Wednesday, October 26, 2016

The Cyclical Nature of Trucking (Problems)

One of the weirdest parts about living on a truck is how often the same problem pops up on different trucks. The truck we are currently inhabiting, we've been living on for 2 weeks (and a night). In that 2 weeks, we've had problems pop up that have needed to be fixed (which is sad, in that 2 weeks isn't a long time, but this truck had nearly half a million miles on it when we moved in).

Today we delivered (Ace did, and I slept apparently soundly.). Then we came by a truck stop to get an oil change done. And have them check out the a/c (it wasn't blowing cold in the front half). And find out what the check engine light on the truck meant. We have a truck with fresh oil, temporarily working a/c for the front, and a trip to a different shop for tomorrow to try to get the rest fixed (including a part that might be messing with the alignment). The check engine light had to do with the exhaust system, which is not something to be ignored.

If this had been the first issues, I'd be less wondering if the owner of the truck finds us annoying. However, we could not have done any of this damage in 2 weeks. I know he knows that, but...

Anyway. Every truck I've lived in has had some problem pop up with the exhaust system. Truck manufacturers have worked hard to make it so that trucks actually not only don't greatly pollute the air, but in fact, will clean it. This has to do with California and it's smog problem. But, I don't think all the bugs are worked out of their systems for cleaning the exhaust.

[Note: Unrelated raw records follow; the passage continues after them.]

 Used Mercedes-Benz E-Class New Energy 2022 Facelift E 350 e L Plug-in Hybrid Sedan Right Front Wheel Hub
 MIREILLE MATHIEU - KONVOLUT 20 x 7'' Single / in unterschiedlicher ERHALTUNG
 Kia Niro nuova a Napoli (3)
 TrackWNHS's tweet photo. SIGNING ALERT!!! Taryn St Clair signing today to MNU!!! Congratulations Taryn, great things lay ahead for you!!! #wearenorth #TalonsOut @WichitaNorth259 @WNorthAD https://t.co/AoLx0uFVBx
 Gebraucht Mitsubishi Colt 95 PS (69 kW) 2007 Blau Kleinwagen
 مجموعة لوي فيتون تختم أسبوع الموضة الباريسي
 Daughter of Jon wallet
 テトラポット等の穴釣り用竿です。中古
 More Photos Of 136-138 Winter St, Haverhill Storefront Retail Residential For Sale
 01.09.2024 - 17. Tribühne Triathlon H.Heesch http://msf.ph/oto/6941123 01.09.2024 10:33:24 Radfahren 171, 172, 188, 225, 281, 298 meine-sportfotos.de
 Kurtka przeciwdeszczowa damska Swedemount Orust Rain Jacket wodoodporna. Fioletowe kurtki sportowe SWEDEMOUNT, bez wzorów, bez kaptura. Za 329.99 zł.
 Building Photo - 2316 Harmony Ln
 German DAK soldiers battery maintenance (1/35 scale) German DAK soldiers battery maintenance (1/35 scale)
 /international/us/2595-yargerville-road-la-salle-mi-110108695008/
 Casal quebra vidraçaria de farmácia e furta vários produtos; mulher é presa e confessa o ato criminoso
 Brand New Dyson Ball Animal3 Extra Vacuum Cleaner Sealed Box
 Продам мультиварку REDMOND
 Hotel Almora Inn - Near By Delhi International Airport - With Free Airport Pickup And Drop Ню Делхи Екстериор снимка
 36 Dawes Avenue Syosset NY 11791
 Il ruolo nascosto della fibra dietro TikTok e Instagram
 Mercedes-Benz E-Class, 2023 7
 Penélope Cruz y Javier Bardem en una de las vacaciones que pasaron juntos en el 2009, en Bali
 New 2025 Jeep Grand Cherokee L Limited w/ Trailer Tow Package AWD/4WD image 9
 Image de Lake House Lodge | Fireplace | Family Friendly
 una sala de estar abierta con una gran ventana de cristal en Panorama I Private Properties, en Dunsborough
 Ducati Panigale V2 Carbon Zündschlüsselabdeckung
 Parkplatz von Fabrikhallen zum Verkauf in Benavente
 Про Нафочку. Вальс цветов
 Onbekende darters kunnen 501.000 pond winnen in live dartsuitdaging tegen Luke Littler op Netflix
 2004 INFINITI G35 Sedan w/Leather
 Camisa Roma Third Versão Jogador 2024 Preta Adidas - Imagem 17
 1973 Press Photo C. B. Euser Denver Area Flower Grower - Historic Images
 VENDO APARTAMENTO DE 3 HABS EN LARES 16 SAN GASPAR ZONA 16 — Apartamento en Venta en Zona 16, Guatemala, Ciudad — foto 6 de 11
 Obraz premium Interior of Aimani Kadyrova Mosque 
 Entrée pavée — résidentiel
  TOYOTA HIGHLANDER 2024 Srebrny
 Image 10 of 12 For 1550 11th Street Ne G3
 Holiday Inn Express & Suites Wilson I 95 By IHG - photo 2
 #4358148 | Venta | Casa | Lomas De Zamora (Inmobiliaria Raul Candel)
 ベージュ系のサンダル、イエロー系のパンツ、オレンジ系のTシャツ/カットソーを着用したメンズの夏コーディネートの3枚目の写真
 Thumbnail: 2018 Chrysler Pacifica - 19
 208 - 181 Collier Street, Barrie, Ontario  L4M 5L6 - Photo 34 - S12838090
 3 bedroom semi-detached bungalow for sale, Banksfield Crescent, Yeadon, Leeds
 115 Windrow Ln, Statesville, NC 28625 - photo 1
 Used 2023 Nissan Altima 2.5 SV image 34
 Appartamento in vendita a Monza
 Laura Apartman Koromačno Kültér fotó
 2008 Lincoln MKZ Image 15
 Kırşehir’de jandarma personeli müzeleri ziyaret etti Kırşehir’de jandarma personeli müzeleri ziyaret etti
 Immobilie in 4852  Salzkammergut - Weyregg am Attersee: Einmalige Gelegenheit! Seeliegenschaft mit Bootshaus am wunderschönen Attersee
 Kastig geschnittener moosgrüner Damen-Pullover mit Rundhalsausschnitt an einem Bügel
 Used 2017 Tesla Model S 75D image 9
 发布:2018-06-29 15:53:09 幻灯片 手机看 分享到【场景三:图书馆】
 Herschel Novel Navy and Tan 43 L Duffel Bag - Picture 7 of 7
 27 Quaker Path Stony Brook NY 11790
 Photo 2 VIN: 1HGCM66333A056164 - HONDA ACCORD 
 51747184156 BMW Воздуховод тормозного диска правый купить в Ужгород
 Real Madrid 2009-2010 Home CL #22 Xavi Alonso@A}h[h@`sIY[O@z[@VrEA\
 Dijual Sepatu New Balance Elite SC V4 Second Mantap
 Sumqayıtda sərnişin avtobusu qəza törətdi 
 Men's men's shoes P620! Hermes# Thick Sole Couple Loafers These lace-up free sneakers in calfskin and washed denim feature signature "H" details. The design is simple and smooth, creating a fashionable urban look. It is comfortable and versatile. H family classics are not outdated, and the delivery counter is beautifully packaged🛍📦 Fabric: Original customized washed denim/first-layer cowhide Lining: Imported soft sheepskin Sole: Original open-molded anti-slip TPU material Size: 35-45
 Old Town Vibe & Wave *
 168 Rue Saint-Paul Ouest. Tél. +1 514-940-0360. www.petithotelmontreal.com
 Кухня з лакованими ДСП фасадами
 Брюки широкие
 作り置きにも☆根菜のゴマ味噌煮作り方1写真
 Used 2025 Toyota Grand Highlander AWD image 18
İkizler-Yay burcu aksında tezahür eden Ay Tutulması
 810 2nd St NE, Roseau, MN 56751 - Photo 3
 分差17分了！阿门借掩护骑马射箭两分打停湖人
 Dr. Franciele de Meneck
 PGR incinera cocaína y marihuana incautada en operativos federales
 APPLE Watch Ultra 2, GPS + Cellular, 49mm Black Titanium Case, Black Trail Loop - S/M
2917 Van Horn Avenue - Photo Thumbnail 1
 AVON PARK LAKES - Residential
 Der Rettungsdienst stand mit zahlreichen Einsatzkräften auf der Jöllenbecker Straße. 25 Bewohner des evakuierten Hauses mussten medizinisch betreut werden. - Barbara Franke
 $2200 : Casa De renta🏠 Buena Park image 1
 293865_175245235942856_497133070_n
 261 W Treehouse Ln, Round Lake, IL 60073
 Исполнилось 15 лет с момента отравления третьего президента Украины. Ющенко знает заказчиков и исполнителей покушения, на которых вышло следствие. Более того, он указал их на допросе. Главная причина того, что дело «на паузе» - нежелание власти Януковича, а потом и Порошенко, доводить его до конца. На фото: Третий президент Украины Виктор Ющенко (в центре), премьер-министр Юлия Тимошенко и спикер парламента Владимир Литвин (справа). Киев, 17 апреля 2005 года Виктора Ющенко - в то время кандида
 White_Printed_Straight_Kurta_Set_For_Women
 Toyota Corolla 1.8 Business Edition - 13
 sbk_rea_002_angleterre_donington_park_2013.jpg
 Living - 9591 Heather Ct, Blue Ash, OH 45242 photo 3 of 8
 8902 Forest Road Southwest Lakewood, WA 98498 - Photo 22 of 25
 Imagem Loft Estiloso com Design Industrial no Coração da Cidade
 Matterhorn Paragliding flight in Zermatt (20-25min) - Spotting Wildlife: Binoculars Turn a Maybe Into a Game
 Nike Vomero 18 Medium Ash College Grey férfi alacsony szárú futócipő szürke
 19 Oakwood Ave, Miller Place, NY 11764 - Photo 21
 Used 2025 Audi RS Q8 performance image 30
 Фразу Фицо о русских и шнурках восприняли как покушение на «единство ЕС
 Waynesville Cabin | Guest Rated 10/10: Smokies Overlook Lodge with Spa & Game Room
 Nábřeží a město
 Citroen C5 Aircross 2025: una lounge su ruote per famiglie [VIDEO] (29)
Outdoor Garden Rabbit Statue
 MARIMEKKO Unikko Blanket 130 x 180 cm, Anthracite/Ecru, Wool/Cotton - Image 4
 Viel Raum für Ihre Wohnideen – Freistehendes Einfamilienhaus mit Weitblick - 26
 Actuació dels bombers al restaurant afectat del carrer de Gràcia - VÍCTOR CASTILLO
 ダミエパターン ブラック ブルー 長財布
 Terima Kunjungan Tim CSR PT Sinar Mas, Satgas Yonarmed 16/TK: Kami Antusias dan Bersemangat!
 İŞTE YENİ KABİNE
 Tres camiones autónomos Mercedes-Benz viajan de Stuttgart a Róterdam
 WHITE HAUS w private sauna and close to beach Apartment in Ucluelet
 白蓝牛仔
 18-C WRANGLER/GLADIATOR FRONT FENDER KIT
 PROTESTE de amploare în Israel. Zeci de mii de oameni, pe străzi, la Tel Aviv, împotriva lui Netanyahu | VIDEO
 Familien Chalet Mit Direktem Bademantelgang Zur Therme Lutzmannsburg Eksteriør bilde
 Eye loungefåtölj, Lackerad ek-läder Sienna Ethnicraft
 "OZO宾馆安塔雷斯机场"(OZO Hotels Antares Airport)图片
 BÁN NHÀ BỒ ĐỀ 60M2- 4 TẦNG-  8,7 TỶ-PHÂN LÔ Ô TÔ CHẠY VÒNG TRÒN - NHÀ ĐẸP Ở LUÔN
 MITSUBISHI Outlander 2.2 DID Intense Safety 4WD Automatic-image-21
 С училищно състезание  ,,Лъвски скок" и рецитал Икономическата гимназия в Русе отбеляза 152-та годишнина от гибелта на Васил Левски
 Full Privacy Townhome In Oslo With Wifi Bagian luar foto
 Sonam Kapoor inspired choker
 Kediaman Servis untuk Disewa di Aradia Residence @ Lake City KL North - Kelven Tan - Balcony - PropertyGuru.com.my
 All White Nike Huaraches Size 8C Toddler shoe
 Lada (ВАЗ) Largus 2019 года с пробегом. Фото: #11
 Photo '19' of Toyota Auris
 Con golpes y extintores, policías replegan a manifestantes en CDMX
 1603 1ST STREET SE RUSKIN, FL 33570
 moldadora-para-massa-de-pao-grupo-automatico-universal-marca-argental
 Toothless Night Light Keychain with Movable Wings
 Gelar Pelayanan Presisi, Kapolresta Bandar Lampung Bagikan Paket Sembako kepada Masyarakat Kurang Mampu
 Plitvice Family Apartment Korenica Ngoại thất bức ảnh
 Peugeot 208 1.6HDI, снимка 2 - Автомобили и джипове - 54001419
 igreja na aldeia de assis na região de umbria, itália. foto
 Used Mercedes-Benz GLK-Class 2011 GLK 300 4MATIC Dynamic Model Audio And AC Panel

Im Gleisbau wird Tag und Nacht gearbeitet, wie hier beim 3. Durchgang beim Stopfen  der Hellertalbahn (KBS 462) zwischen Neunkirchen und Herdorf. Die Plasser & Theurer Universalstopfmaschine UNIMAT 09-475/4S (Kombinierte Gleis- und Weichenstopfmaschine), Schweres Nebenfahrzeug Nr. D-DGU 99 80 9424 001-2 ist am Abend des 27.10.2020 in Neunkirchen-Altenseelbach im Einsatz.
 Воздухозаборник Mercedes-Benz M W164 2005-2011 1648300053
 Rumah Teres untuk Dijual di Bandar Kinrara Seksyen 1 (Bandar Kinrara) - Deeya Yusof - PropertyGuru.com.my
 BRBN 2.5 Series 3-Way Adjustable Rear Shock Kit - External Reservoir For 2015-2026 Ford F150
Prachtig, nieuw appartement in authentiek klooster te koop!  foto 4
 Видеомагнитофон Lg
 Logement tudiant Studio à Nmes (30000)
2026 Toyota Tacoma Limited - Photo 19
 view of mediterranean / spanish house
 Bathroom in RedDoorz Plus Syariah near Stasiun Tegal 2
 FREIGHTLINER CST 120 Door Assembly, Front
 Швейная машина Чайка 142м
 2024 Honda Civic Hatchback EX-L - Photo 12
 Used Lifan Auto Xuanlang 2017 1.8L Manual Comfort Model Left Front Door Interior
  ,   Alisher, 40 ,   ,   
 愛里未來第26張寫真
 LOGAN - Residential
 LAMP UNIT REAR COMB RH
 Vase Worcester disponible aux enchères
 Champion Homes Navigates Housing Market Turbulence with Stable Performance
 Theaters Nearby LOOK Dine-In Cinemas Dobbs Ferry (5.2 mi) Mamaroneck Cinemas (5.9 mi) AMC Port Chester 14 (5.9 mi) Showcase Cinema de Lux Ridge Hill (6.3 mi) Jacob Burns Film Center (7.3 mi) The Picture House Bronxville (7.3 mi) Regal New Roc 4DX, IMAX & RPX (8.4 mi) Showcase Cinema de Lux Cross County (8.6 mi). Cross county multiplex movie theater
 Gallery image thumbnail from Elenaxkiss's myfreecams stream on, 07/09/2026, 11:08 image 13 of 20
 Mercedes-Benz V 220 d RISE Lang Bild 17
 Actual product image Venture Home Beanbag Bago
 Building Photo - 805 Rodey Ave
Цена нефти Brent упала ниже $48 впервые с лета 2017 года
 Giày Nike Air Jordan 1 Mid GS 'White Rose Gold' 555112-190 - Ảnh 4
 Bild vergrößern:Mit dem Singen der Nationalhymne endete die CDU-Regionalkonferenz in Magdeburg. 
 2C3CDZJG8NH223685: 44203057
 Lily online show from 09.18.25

So, tomorrow will be spent at a Freightliner (a first on type of truck), hoping that we can get back on the road soon with a fixed truck.

I am not holding my breath on it being a quick fix (it hasn't been in the past, but maybe Freightliner is better at this stuff).

Thursday, October 20, 2016

The Hunger Games

I've watched the first Hunger Games movie, and I started reading the book while visiting a friend a few years ago, but I didn't get to finish reading the book then. I know, generally, what's going to happen.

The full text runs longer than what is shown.